To celebrate Compston’s memory and the 20th anniversary exhibition of the fete, Coffield organized another one on July 19 in the same location, much in the same spirit of the original. A complementary exhibition hosted by Red Gallery features pictures and videos paying tribute to Compston’s life and work, and displays memorabilia from the original Factual Nonsense. Most of the objects, leaflets, and documents are for sale, to raise money for a Compston memorial to be erected in nearby Hoxton Square.

 

The 2014 fete featured 12 hours of live performances, running from noon to midnight, with the most singular stalls possible. Among the more noteworthy: a man reenacting famous death scenes (with a rather limited range including Cleopatra, Robert Maxwell, and Martin of Aragon), a woman making “Surreal Poem Portraits” (whatever that means) and freshly cooked ice cream prints for sale, a blackmail stall where you could compose your own blackmail letter using newspaper cutouts. The atmosphere was joyous and thrilling — the exact vibe one expects from such an event in such a part of town — and the crowd a mix of hipsters, cool parents with trendy kids, and the usual spectrum of alternative arty types. People got drunk and high in much the same way as 20 years ago.

 

As far as I could tell, there were neither famous artists nor strong artistic promises among the offerings this time. While the fete organized by Compston is now a part of art history, its 2014 version won’t achieve that level of recognition.

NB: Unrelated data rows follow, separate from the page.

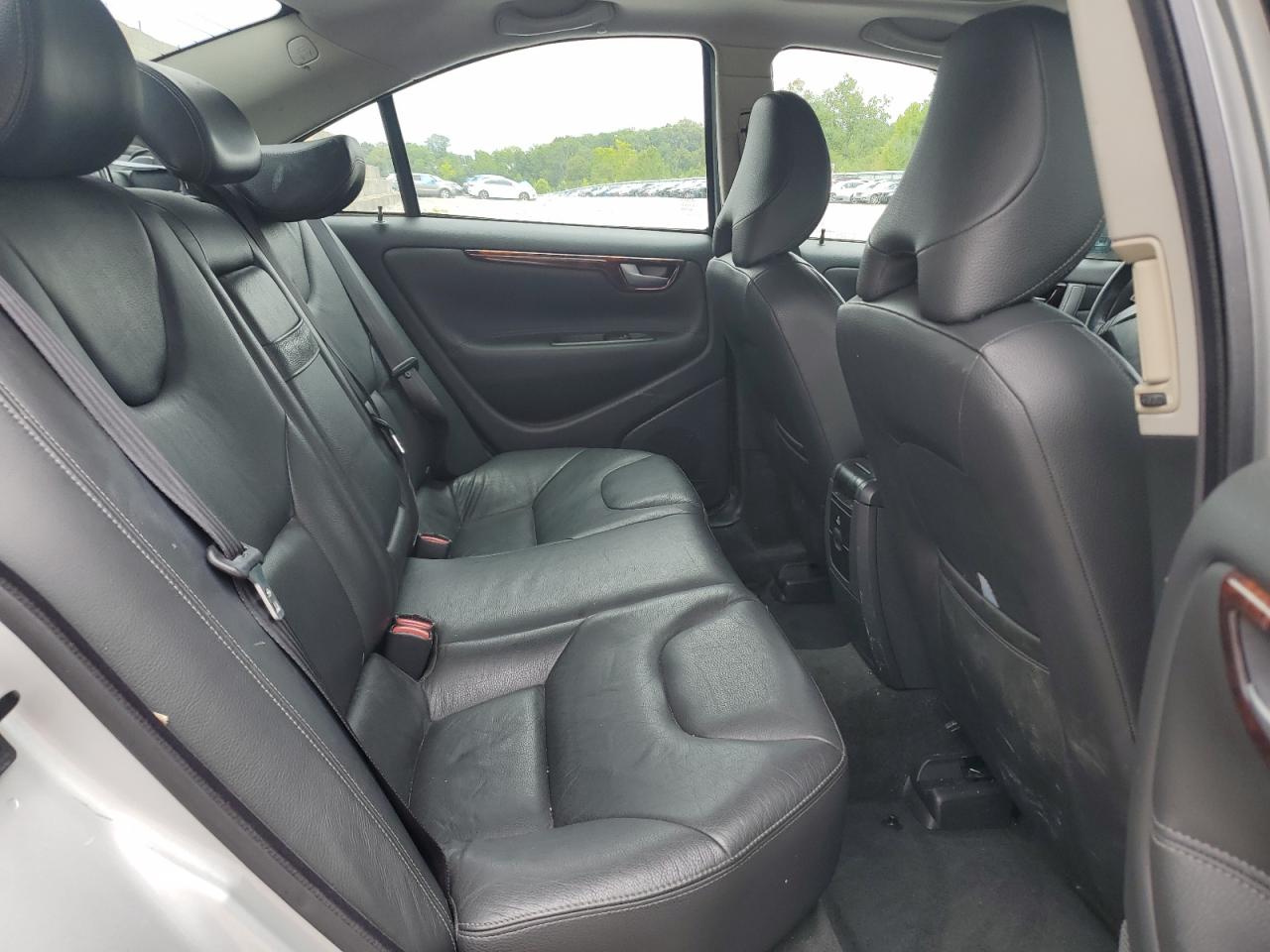 2005 VOLVO S60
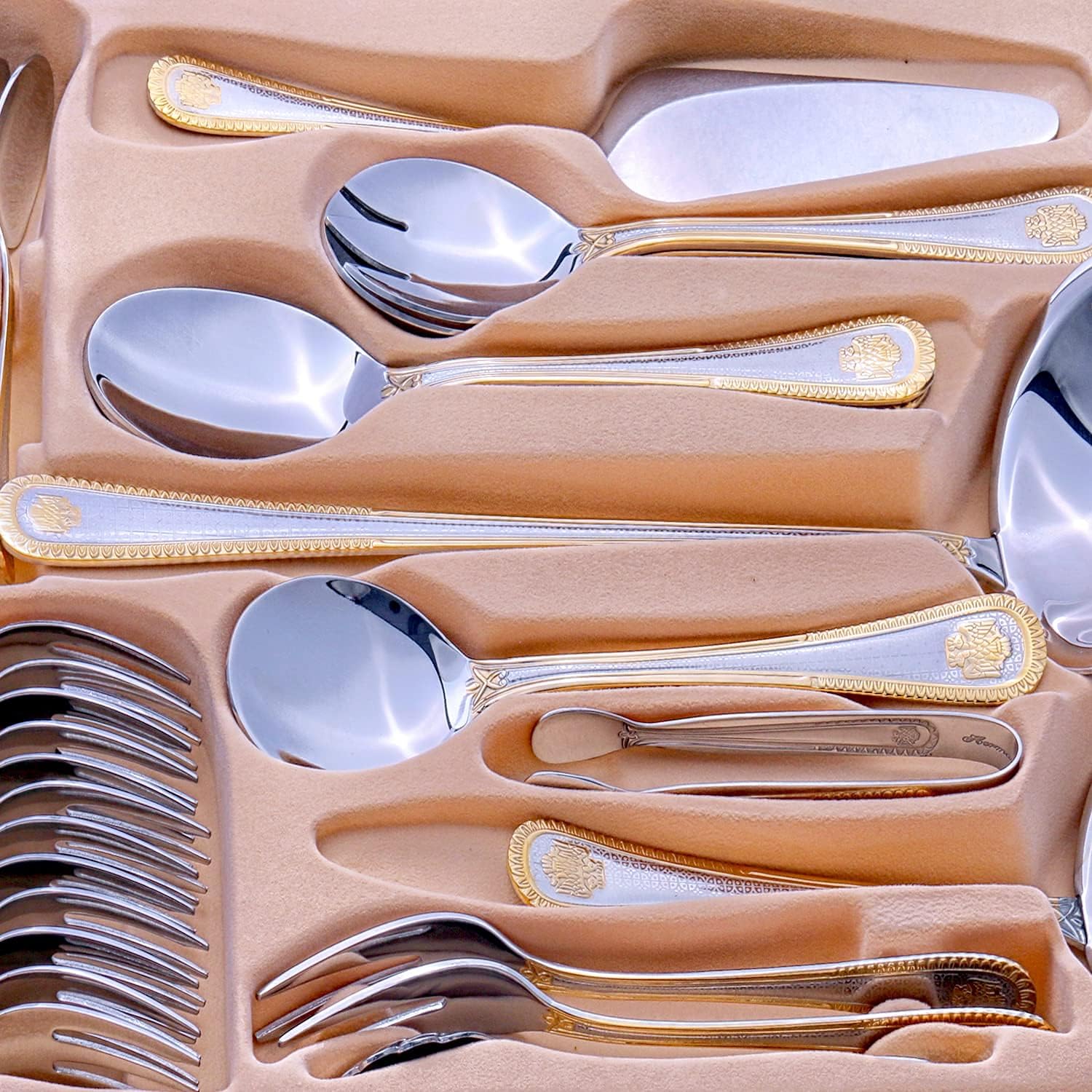 Royal Family Collection 72 Piece Fine Flatware Silverware Set with Gift Carrying Case, Elegant Design, Serves Parties 12 people, Perfect Housewarming Graduation for Loved Ones, Gold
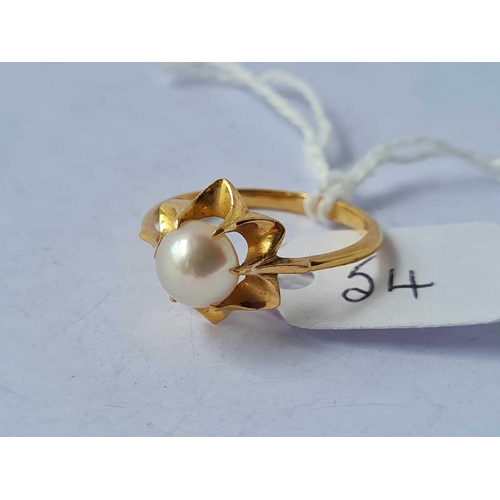 54 - A vintage 18ct gold (tested) pearl ring size N  3.4 gms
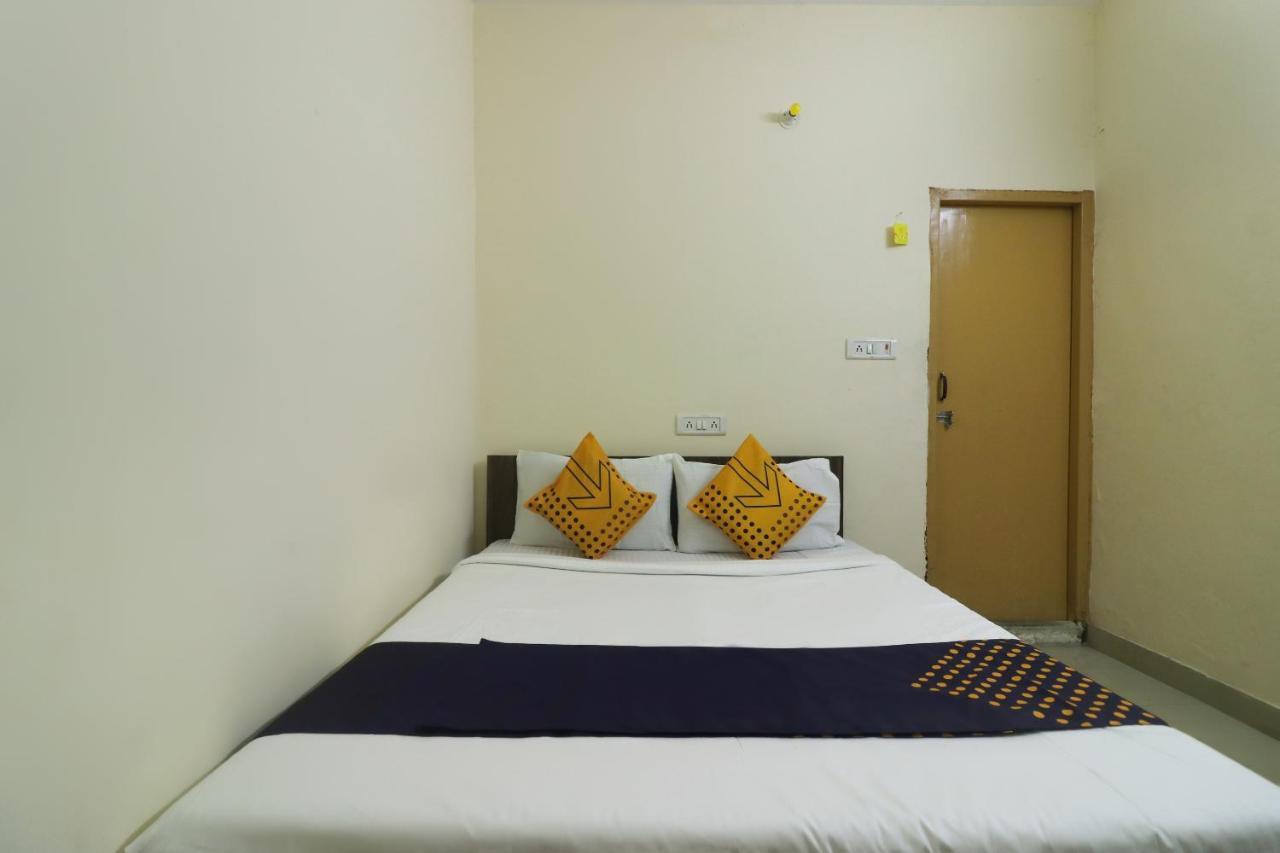 Spot On Negi Home Stay Dehradun Buitenkant foto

But it wasn’t meant to: Coffield’s ambition with the anniversary fete was to celebrate the first one in the most eccentric way possible; trying to re-create the original wouldn’t have worked — too much has happened since then, too many people have moved to hip Hoxton. Celebrating the past is always better than exhuming it. And this doesn’t mean forgetting: the fete was festooned with posters and leaflets about Compston’s life, work, and death. As Coffield explains in his book:

The book and the exhibition came about because it seemed incredible that this unique and brilliant individual who was one of the main driving forces in the regeneration of Hoxton and Shoreditch should be totally forgotten whilst others claim credit for his ideas.

 

Joshua Compston died of an overdose of ether on March 5, 1996, aged 25, alone and broke. His difficult character had alienated even his closest friends. Nevertheless, there was a huge turnout for his funeral. Gilbert and George attended, accompanied by most of the London art world; the press was there, too, so the funeral has been extensively documented. The coffin, painted by Gary Hume, Gavin Turk, and Fiona Rae with a William Morris pattern, was carried through the streets of Shoreditch while a New Orleans jazz band played “When the Saints Go Marching In.

 

Just one year later, Charles Saatchi’s Sensation opened at the Royal Academy. The artists Compston had promoted, the same ones who’d participated in “A Fete Worse than Death,” became the YBAs, the Young British Artists phenomenon. Gentrification began to turn Shoreditch and the East End into the fashionable enclaves they are today. The world Compston helped create changed and moved on without him.

 

 A Fete Worse Than Death 2014” took place on July 19, noon–midnight, at the corner of Charlotte Road and Rivington Street. The exhibition continues at Red Gallery (1–3 Rivington Street, Hoxton, London) through July 31. A special evening reception will take place on July 30 to mark the day of the 20th anniversary of the original fete.